### What you are asked to do
Every line in the data below has to be repeated exactly; no picture belongs in the result.

### Data for this exercise

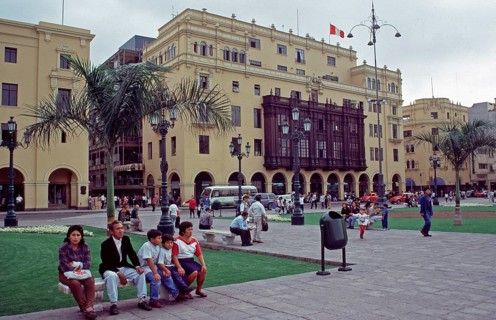 Plaza de Armas, Lima, Peru, September 1997, vintage, retro, old, historic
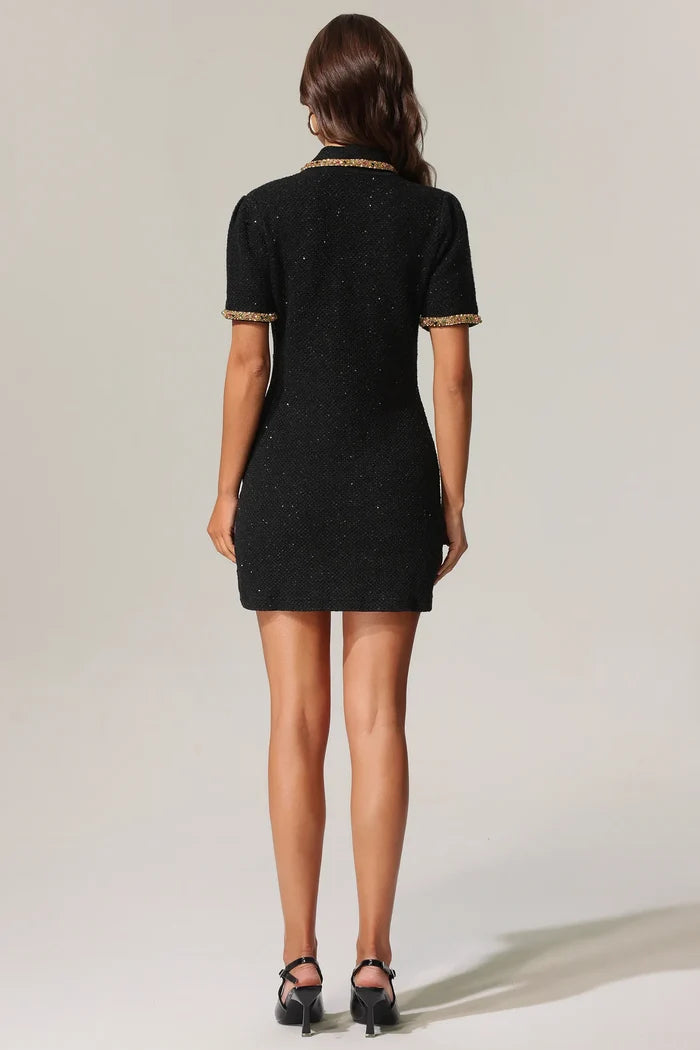 Roxie Black Tweed Embellished Mini Dress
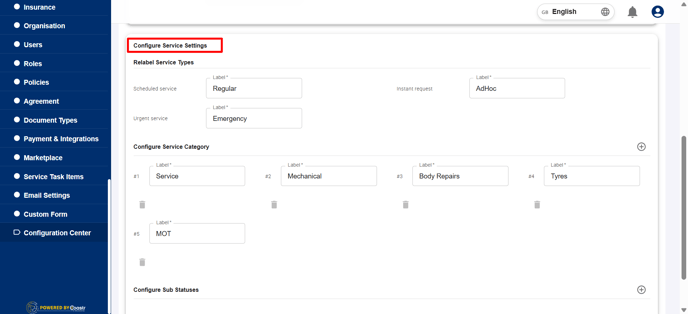 click-on-configuration-center-for service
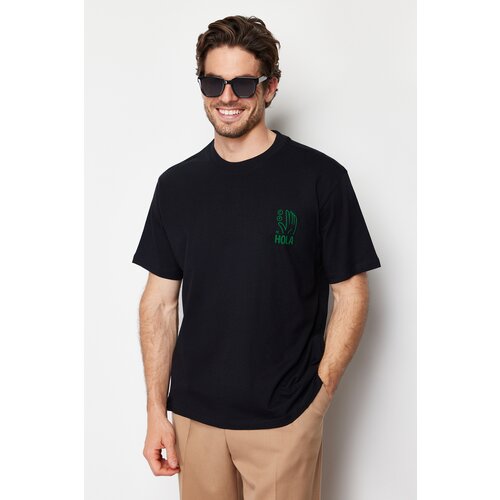 Trendyol men's black relaxed 100% cotton t-shirt Cene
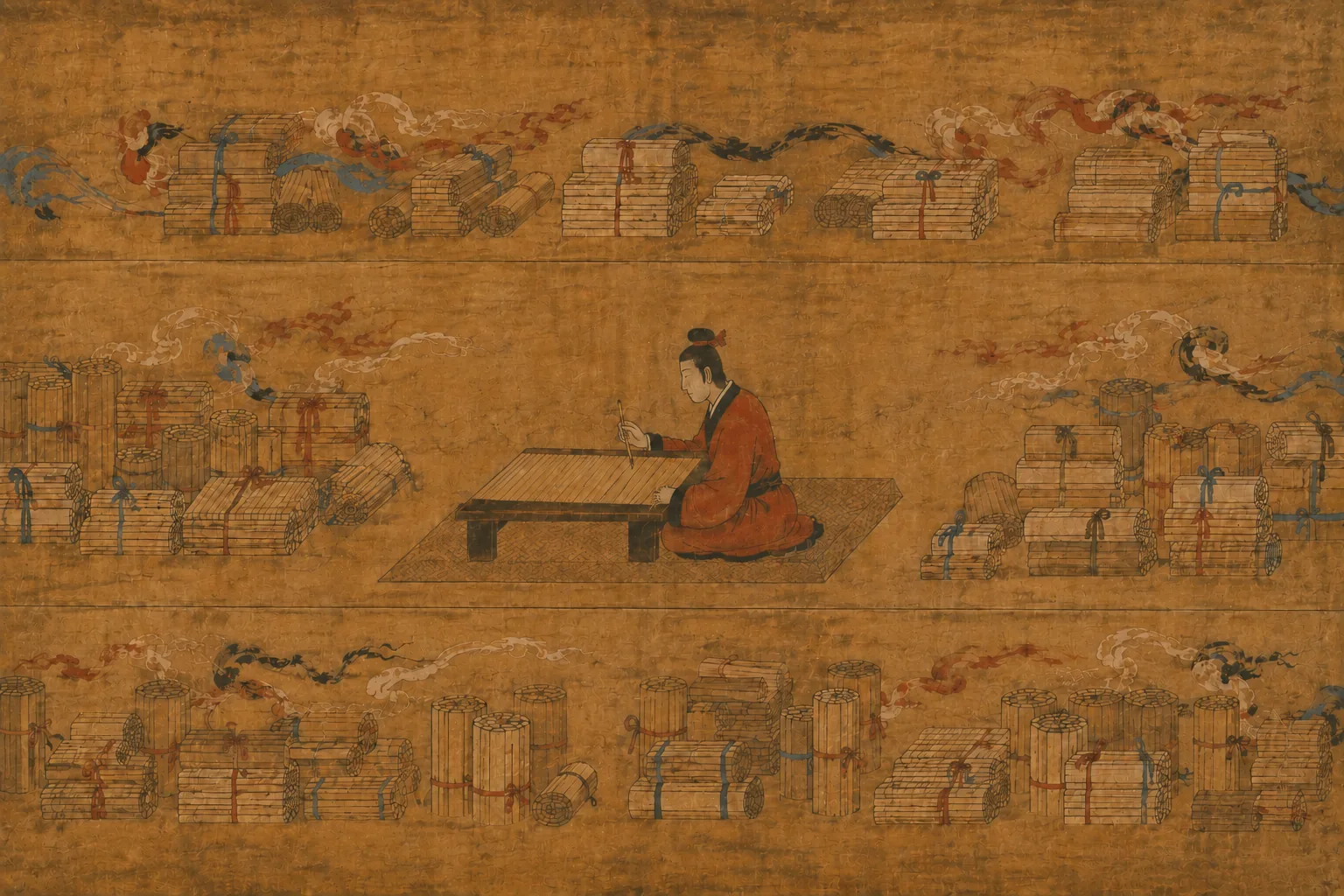 A seated flat-profile figure at a low table, brush in hand over an open bamboo scroll, with stacks of rolled bamboo scrolls in the registers above and below him — far more than one man could finish. All surfaces blank.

### Result
 Plaza de Armas, Lima, Peru, September 1997, vintage, retro, old, historic
 Roxie Black Tweed Embellished Mini Dress
 click-on-configuration-center-for service
 Trendyol men's black relaxed 100% cotton t-shirt Cene
 A seated flat-profile figure at a low table, brush in hand over an open bamboo scroll, with stacks of rolled bamboo scrolls in the registers above and below him — far more than one man could finish. All surfaces blank.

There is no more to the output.